[Web page caption snippets]
============================================================

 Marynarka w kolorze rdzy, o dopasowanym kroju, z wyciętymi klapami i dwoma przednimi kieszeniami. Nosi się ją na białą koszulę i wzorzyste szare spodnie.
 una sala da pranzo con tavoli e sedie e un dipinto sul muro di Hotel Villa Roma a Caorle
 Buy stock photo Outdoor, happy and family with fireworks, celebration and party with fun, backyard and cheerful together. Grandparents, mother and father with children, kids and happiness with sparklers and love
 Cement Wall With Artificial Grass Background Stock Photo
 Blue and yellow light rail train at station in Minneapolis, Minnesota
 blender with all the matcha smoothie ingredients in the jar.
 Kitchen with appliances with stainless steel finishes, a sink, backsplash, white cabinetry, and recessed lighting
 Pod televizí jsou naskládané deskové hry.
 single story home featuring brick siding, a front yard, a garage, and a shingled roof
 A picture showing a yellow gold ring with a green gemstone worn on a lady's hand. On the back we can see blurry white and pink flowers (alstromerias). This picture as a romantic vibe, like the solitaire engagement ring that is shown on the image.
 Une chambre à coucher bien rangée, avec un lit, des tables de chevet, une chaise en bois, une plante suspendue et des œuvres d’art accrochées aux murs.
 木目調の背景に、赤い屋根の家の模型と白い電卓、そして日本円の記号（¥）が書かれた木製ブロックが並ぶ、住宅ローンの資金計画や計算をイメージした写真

============================================================

Your assignment ▸ Copy out the entries. Leave every line exactly as it is.

Result of this task ▸
 Marynarka w kolorze rdzy, o dopasowanym kroju, z wyciętymi klapami i dwoma przednimi kieszeniami. Nosi się ją na białą koszulę i wzorzyste szare spodnie.
 una sala da pranzo con tavoli e sedie e un dipinto sul muro di Hotel Villa Roma a Caorle
 Buy stock photo Outdoor, happy and family with fireworks, celebration and party with fun, backyard and cheerful together. Grandparents, mother and father with children, kids and happiness with sparklers and love
 Cement Wall With Artificial Grass Background Stock Photo
 Blue and yellow light rail train at station in Minneapolis, Minnesota
 blender with all the matcha smoothie ingredients in the jar.
 Kitchen with appliances with stainless steel finishes, a sink, backsplash, white cabinetry, and recessed lighting
 Pod televizí jsou naskládané deskové hry.
 single story home featuring brick siding, a front yard, a garage, and a shingled roof
 A picture showing a yellow gold ring with a green gemstone worn on a lady's hand. On the back we can see blurry white and pink flowers (alstromerias). This picture as a romantic vibe, like the solitaire engagement ring that is shown on the image.
 Une chambre à coucher bien rangée, avec un lit, des tables de chevet, une chaise en bois, une plante suspendue et des œuvres d’art accrochées aux murs.
 木目調の背景に、赤い屋根の家の模型と白い電卓、そして日本円の記号（¥）が書かれた木製ブロックが並ぶ、住宅ローンの資金計画や計算をイメージした写真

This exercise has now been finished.